--- TASK ---
Exact reproduction is required for the lines below starting at the line with "Twisted Tornado Spiral" and ending at the line with "V-Neck Wavy Open-Knit", both included. No other lines, and no pictures.

--- DATA EXCERPTS ---
================

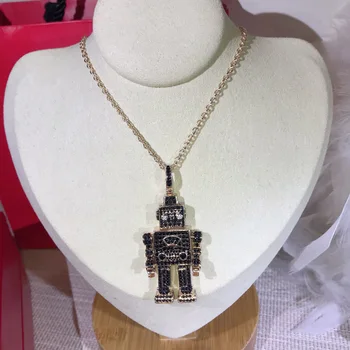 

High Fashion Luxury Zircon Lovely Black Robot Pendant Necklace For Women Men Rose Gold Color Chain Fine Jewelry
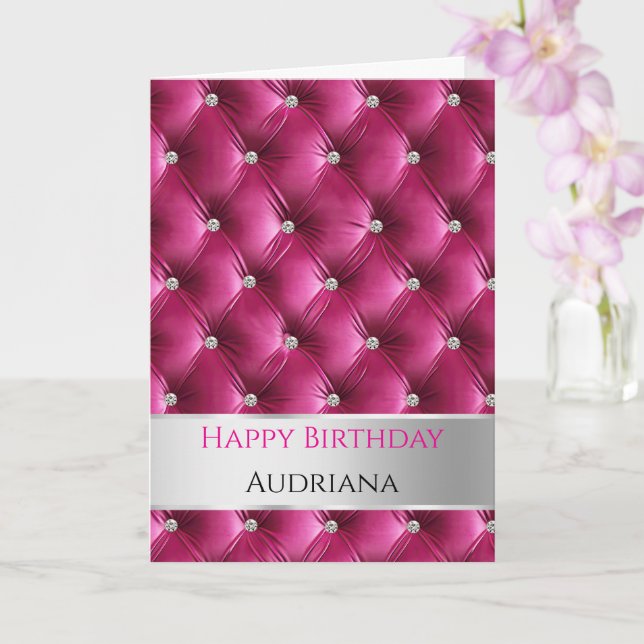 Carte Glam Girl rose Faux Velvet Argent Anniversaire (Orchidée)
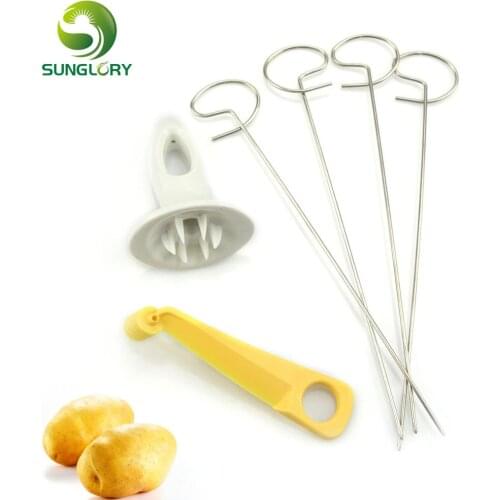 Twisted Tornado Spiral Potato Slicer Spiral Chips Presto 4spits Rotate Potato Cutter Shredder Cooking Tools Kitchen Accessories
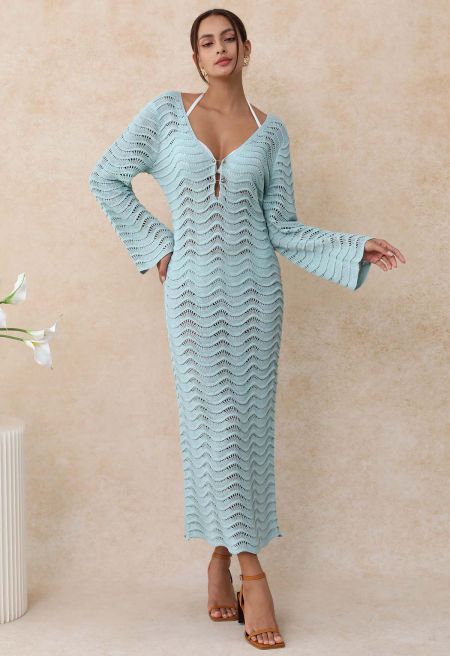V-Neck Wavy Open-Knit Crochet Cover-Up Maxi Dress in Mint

================

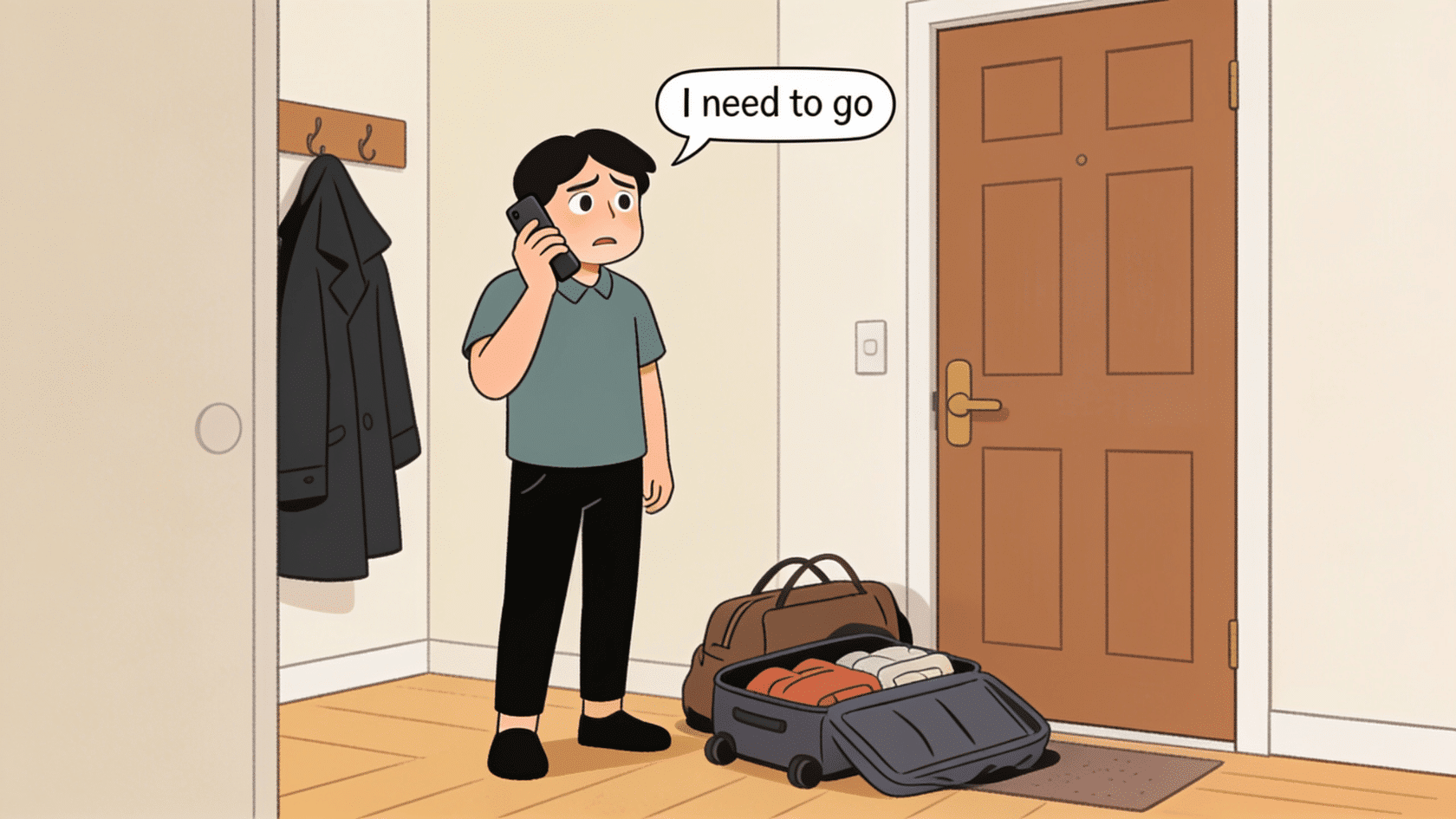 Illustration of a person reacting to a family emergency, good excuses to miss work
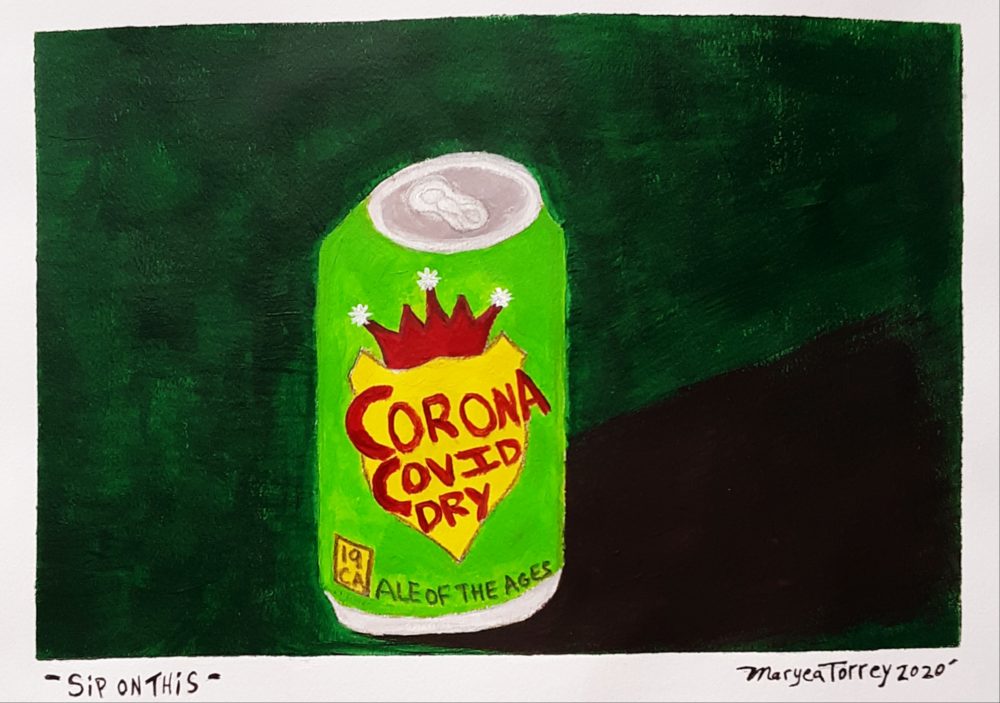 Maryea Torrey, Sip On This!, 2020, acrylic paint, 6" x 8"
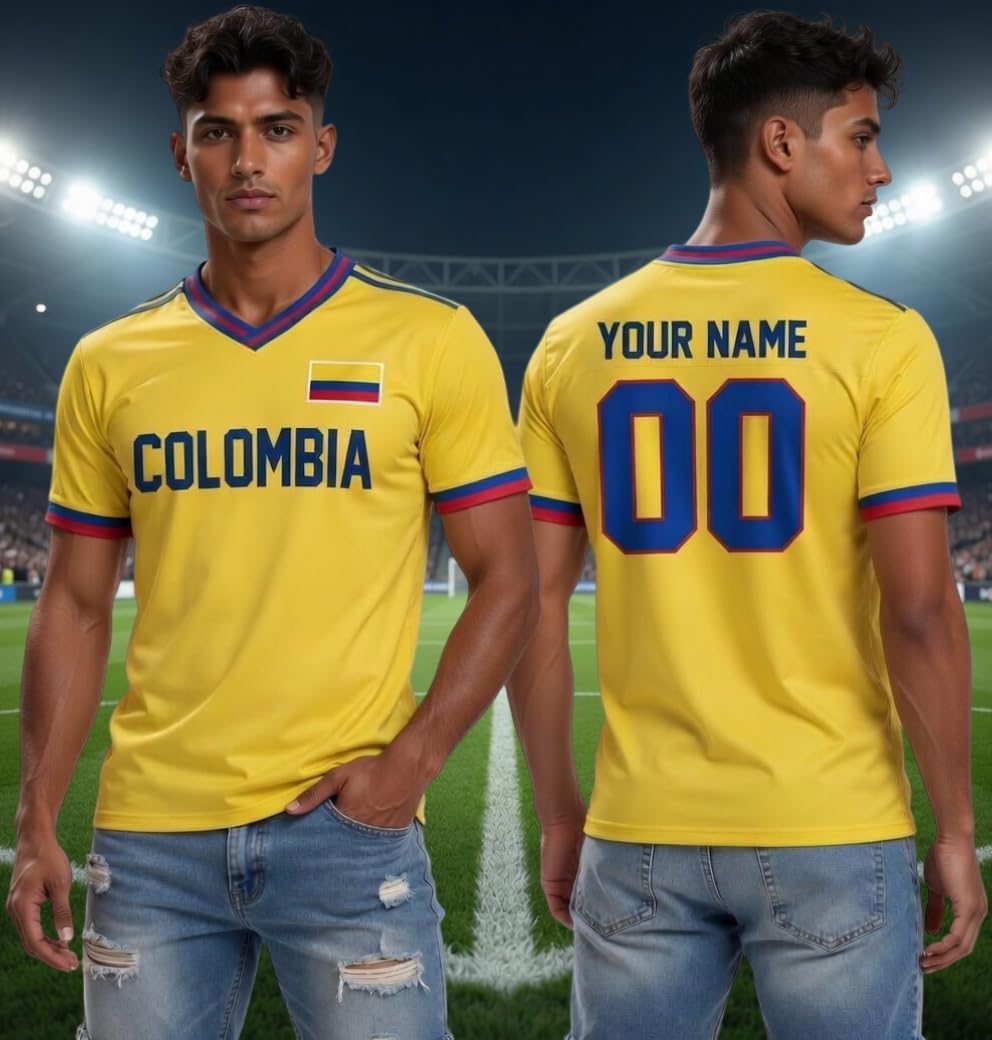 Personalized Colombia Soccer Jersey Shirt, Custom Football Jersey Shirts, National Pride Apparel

================

--- EXERCISE ANSWER ---
 Twisted Tornado Spiral Potato Slicer Spiral Chips Presto 4spits Rotate Potato Cutter Shredder Cooking Tools Kitchen Accessories
V-Neck Wavy Open-Knit Crochet Cover-Up Maxi Dress in Mint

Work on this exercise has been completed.